Faster SHA-256 ASICs using carry reduced adders

The core part of Bitcoin mining is performing a double SHA-256 hash digest and comparing the result against the target. Two years ago, in 2013, the first Bitcoin ASIC miners appeared on the market. Since then, mining ASIC technology advanced both in terms of the manufacturing technology (the node) and in terms of design, to achieve greater hashing rates, lower power consumption and lower cost. ASIC miners are now being designed and manufactured for the 16 nm CMOS semiconductor device fabrication process. However not much is known about the design optimizations and trade-offs each company has applied to the design in order to be competitive. That information is probably confidential. For the all of us not directly employed in the Bitcoin ASIC industry I found these three papers that may serve as starting points of a SHA-256 ASIC design. These papers propose several optimization techniques such as pipelining, delay balancing, loop unrolling, the use of Carry-Save adders (CSA), Carry-Lookahead Adders (CLA), and Hierarchical CLA. Nevertheless, is seems that there after 2 years of advances there is little room to improve Bitcoin ASIC designs and so the industry will reach the same limits as state-of-the-art microprocessor manufacturing and further improvements will rely solely on Moore’s law. But this is false. Maybe the majority of the Bitcoin mining industry is making the false assumption that Bitcoin mining relates to computing a cryptographic hash function of a message. Cryptography is based on number theory, where there is no room for computing errors. In many cryptographic schemes, such as in digital signatures, hardware faults that end up with the generation of incorrect signatures may fully compromise the security of the private keys. There are several attack techniques that exploit this extreme reliance of cryptography on accurate computing in order to steal secrets. Standard public key cryptography is also based on number theory, and so there is little room for mathematical approximations, nor tolerance for faults in computation. But Bitcoin mining is a trial and error procedure: computations that do not lead to a block solution are discarded. Once a block solution is found, the solution is generally verified by software, firmware or hardware to check its correctness, so a small failure rate in the hardware does not lead to any catastrophic money loss. Hardware failures, at controlled rates, does not pose any risk to mining.

When approximation works

Because of the confusion and diffusion properties of the SHA-256 hash function, the intermediate values, the SHA-256 state, tend to behave as a uniform random variable: algebraic relations within the inputs are destroyed and statistical bias is reduced after each SHA-256 round. Because of this, an approximate adder that deterministically fails on some simple additions (such as 0xFFFFFFFF+1) does not pose any particular risk.
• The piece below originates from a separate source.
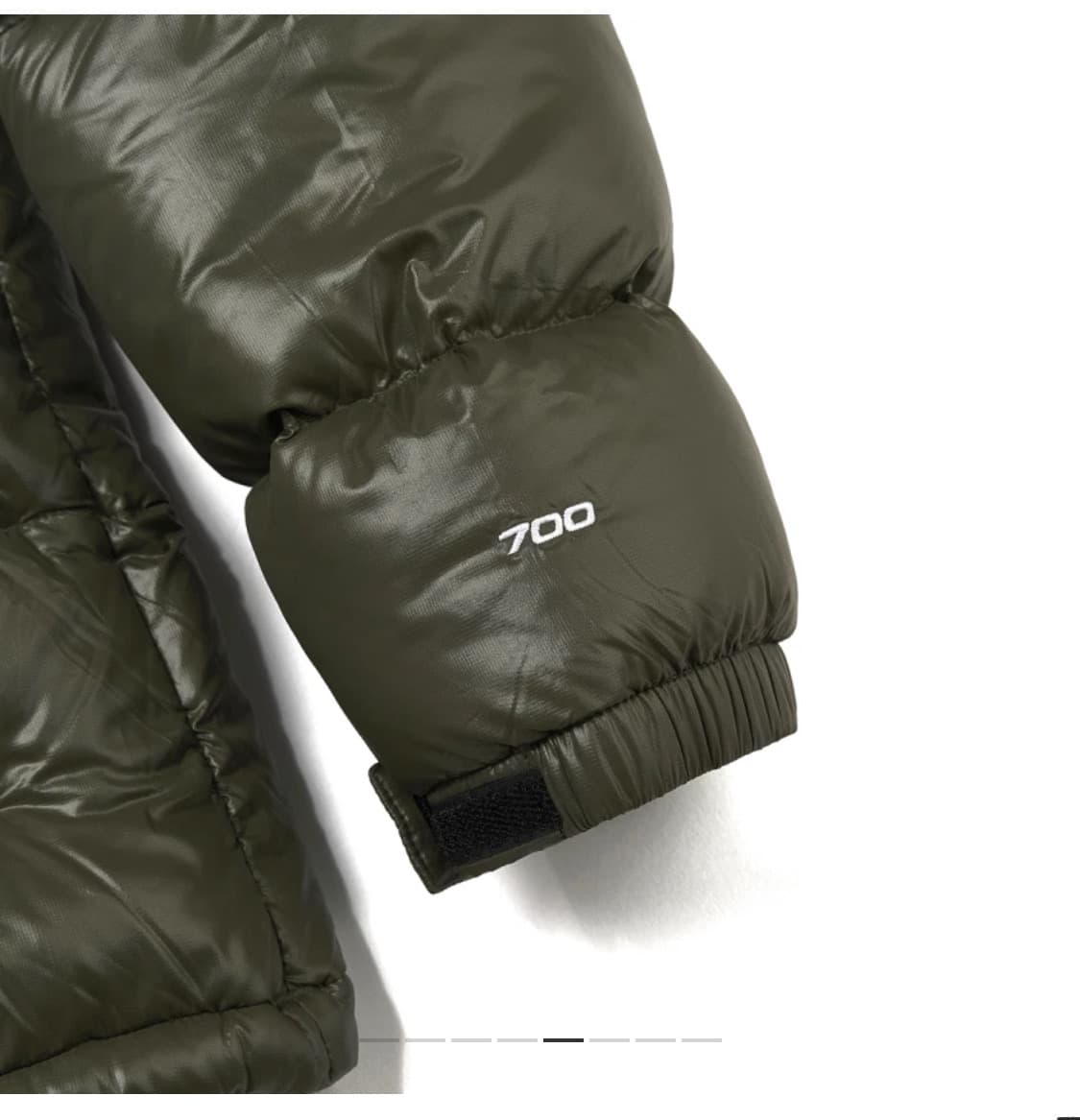 노스페이스 1996 눕시 해외판 새상품 상품이미지4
In computing, higher hardware failures are a trade-off for lower power consumption, higher clock rate, a reduced number of logic gates in circuits or shorter critical delays in circuits. In SHA-256 miners, the most components that consume the higher area are adders, often implemented as CLAs to reduce the critical propagation delay. Also the number of additions performed is low compared with the number of additions required in mining scrypt based cryptocurrencies like Litecoin. A canonical SHA-256 round design, as proposed by Dadda et al. would use 3 CLAs (and 8 CSA) in each round, so a full double SHA-256 core would perform 384 CLA additions. What if we replace each adder by an approximate adder, allowing a controlled failure rate, so that the total probability of failure is still kept small?
A candidate that stands out for approximation for which we can control the failure rate is the carry propagation. We can gain some performance exploiting the facts that a high percentage of die area is required by addition circuits and low number of additions are actually performed so the cumulative error probability can be kept small.

A carry-reduced CLA adder (CR-CLA)

We propose a new type of adder: a Carry-Reduced adder. A carry reduced adder does not propagate the carry from every significant bit to every more significant bit. Propagation longer that a certain length is ignored. When a carry should have been propagated, but was not, we said there was a carry propagation failure (CPF). These failures are expected by design and incorrect results produced by failures must be detected and discarded afterward if they lead to a supposed block solution. An adder that suits well to be carry reduced is the CLA. A typical n-bit CLA consist of the Sigma blocks (which computes the P (propagation) and G (generation) signals) and the Carry Lookahead Generator block (CLG) which computes the n carries. In SHA-256 the last carry is unused and only (n-1) carries are computed. The CR-CLA overall design also mimic this structure, but at least one CLGs is replaced by a carry reduced CLG (CR-CLG). A CR-CLA generates a correct output with high probability if the two are independent random variables, but uses less gates and have less delay than a standard CLA.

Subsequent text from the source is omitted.